Records for the exercise:
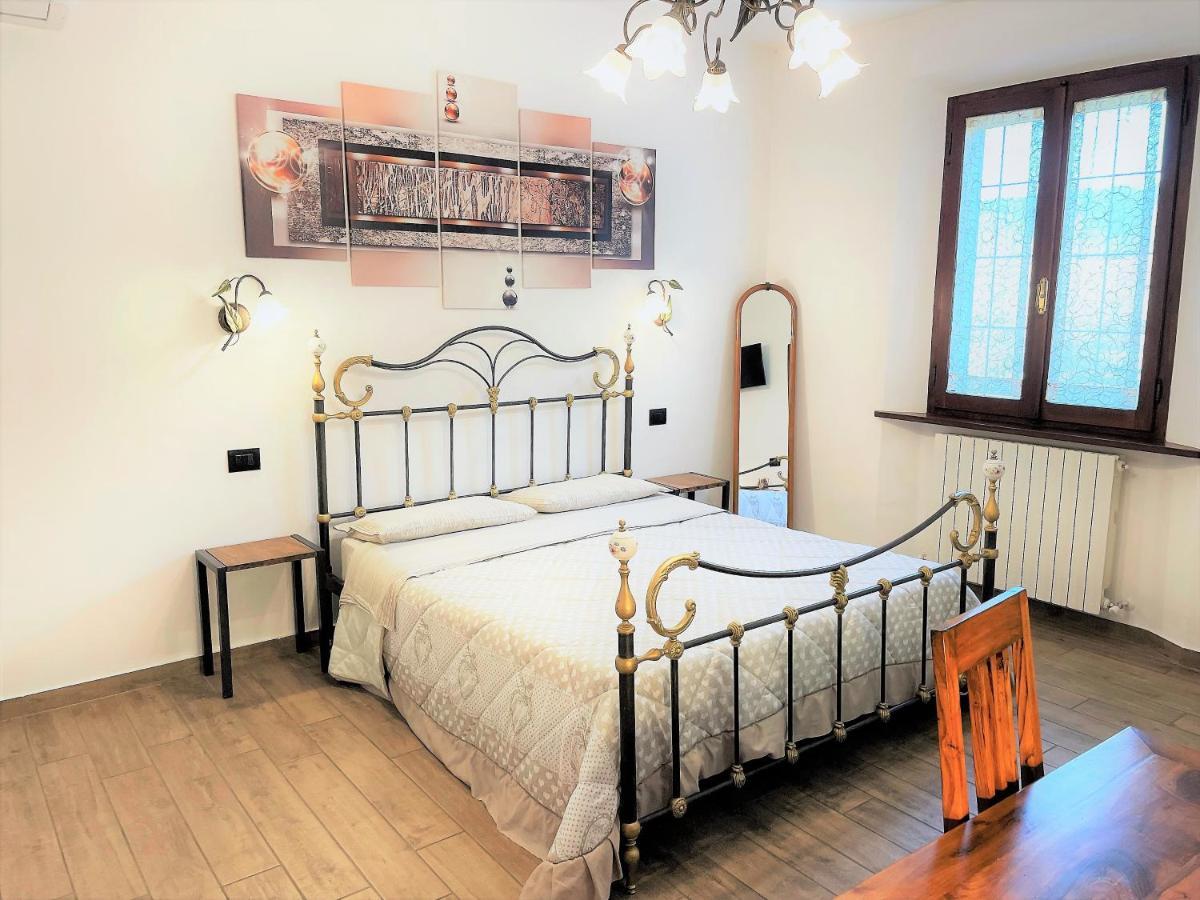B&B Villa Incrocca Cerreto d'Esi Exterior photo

* * *

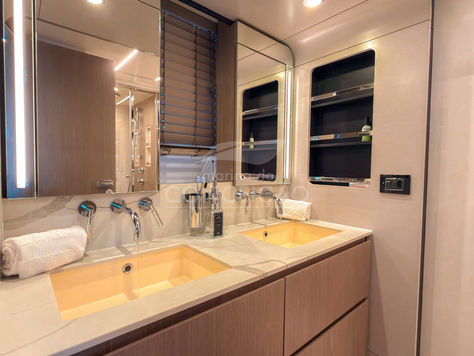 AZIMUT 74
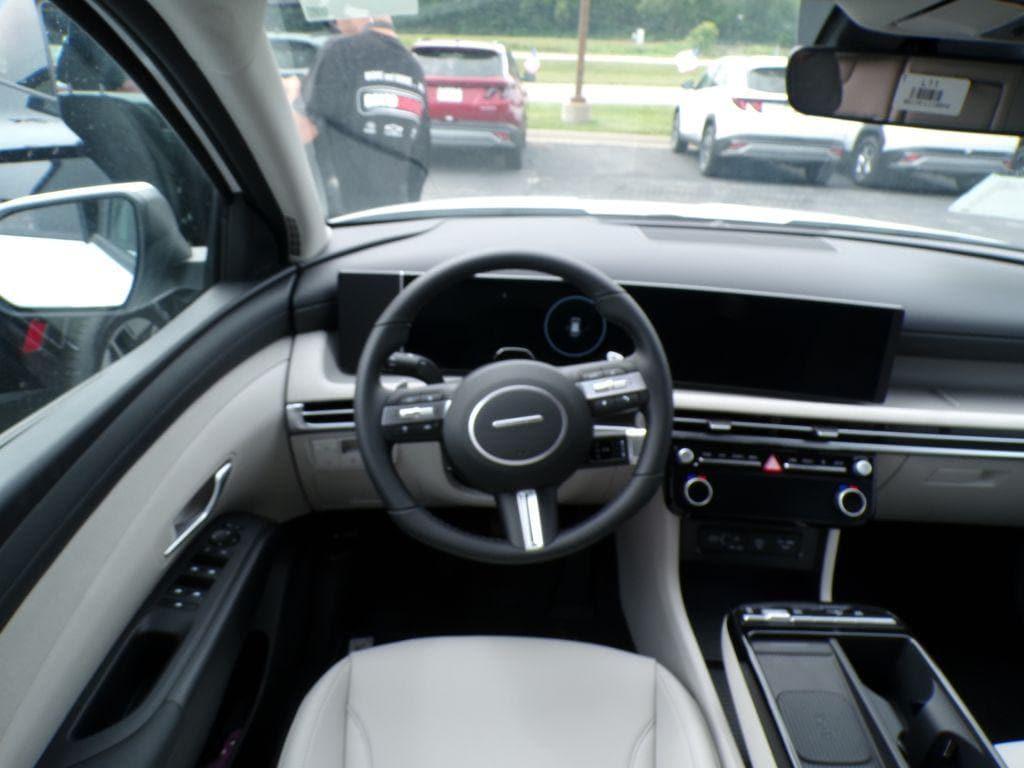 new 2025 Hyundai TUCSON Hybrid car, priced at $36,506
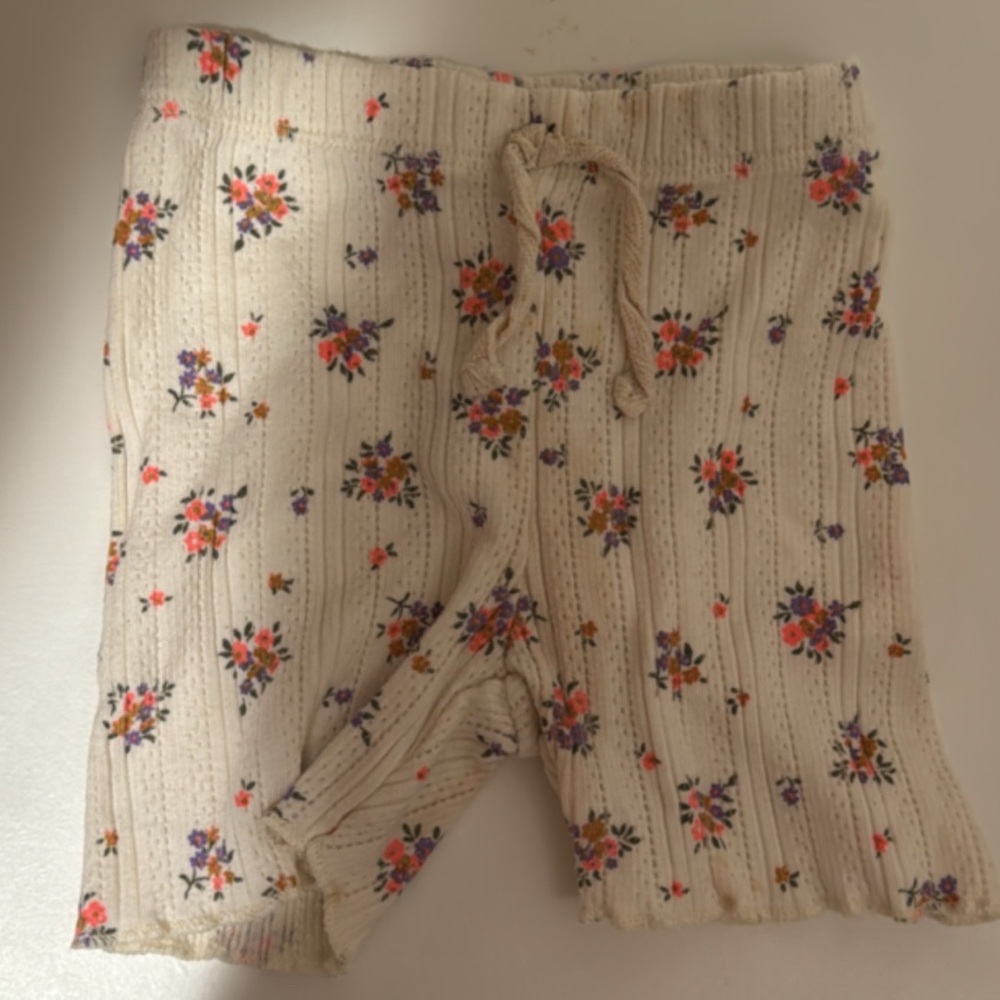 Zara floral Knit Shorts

What you need to do:
Output only the lines above from the line that holds "new 2025 Hyundai" through the line that holds "Zara floral Knit Shorts", both ends included, and exclude pictures.

Output:
 new 2025 Hyundai TUCSON Hybrid car, priced at $36,506
 Zara floral Knit Shorts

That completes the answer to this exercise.